The authors performed an ablation study (Table 2 in the paper) to verify the necessity of each module:

• Removing Distribution Balancing (DB): Replacing the optimal partitioning with a standard top-20% split causes a performance drop, proving that the new partitioning algorithm is more effective.
• Removing Feedforward (FF): Without stepwise enhancement (just training experts independently?), performance drops significantly, showing the value of KD.
• Removing Feedback (FB): Removing the Sinkhorn-based feedback leads to a decrease in metrics, confirming that global context helps refine tail experts.
• Conclusion: The full HPSERec model (DB + FF + FB) performs best, indicating all components are complementary.

7. Conclusion & Reflections

7.1. Conclusion Summary

HPSERec effectively tackles the long-tail problem in sequential recommendation by abandoning the "one-size-fits-all" or binary "head/tail" approaches. Instead, it views the data as a spectrum, partitioning it hierarchically and training a chain of experts. The combination of Knowledge Distillation (for transferring tail signals up) and Sinkhorn Optimal Transport (for passing global context down) creates a balanced system that significantly improves recommendations for rare items without sacrificing popular ones.

7.2. Limitations & Future Work

• Hyperparameters: The framework introduces several new hyperparameters (number of subsets $L$, imbalance weight $\alpha$, regularization $\gamma$, etc.) which might require extensive tuning for different datasets.
• Computational Complexity: The subset partitioning algorithm (Dynamic Programming) and the Sinkhorn iterations add computational overhead compared to simpler models. The authors note this might be a bottleneck for extremely large-scale item sets and suggest future work on incremental learning strategies.

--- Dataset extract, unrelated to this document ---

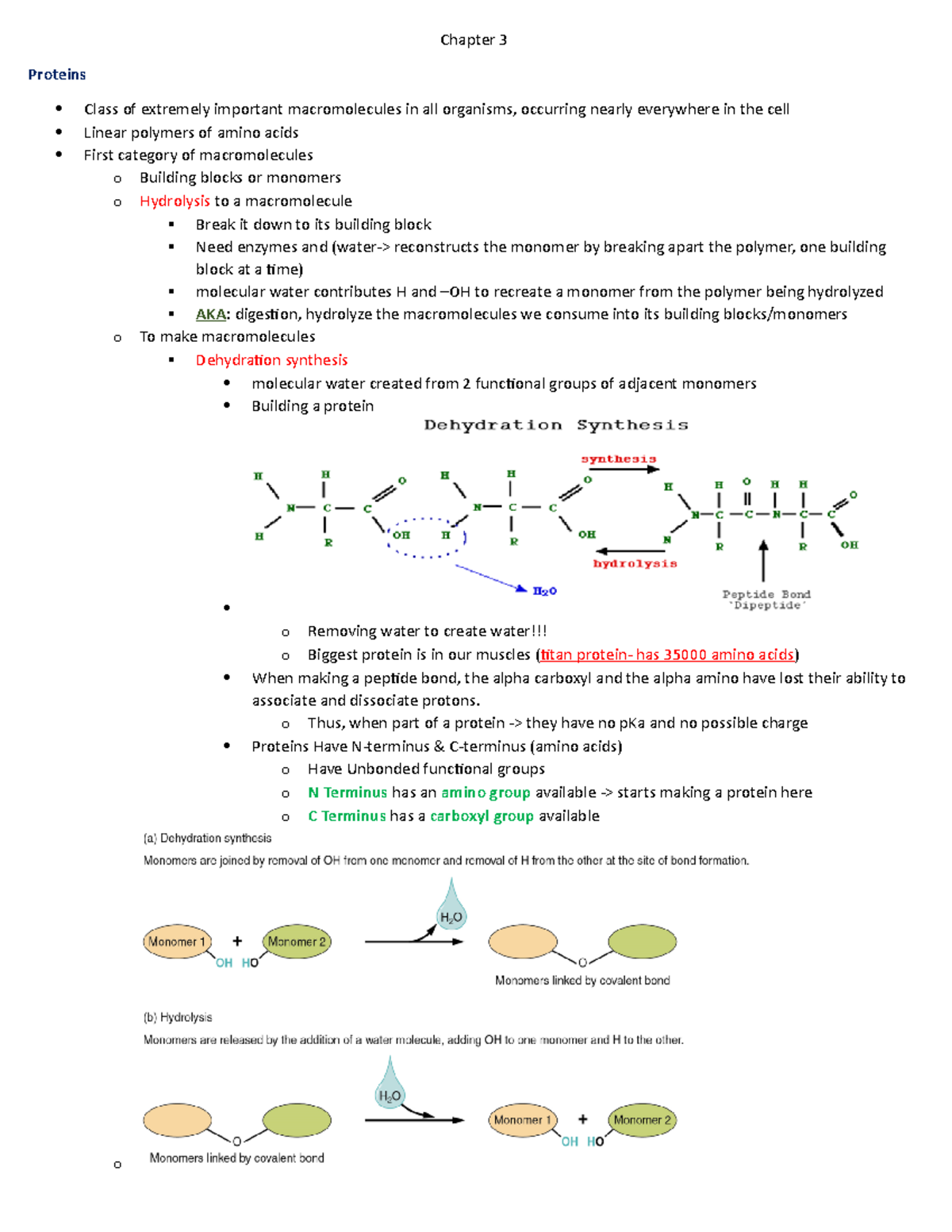 Chapter 3 Notes - Chapter 3 Proteins Class of extremely important ...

7.3. Personal Insights & Critique

• Innovation: The use of Optimal Transport for feedback is a brilliant touch. Most "distillation" works only one way (Teacher -> Student). Here, the bidirectional flow (Tail $\rightleftarrows$ Global) allows the model to find a "middle ground" where tail items are distinct but not isolated from the global latent space.
• Applicability: The idea of hierarchical partitioning based on an imbalance metric is highly transferable. It could be applied to other long-tail domains like object detection (rare classes) or medical diagnosis (rare diseases), where binary splits are also insufficient.
• Critique: The paper relies on the assumption that "adjacent" experts are the best for distillation. It would be interesting to see if "skip connections" (e.g., Expert 1 distilling directly to Expert 3) could help, or if the strictly sequential chain is indeed optimal. Furthermore, while it beats LLM-based methods, the cost of training $L$ expert networks (even if they share some structure, which isn't fully detailed) might be higher than fine-tuning a single adapter for an LLM.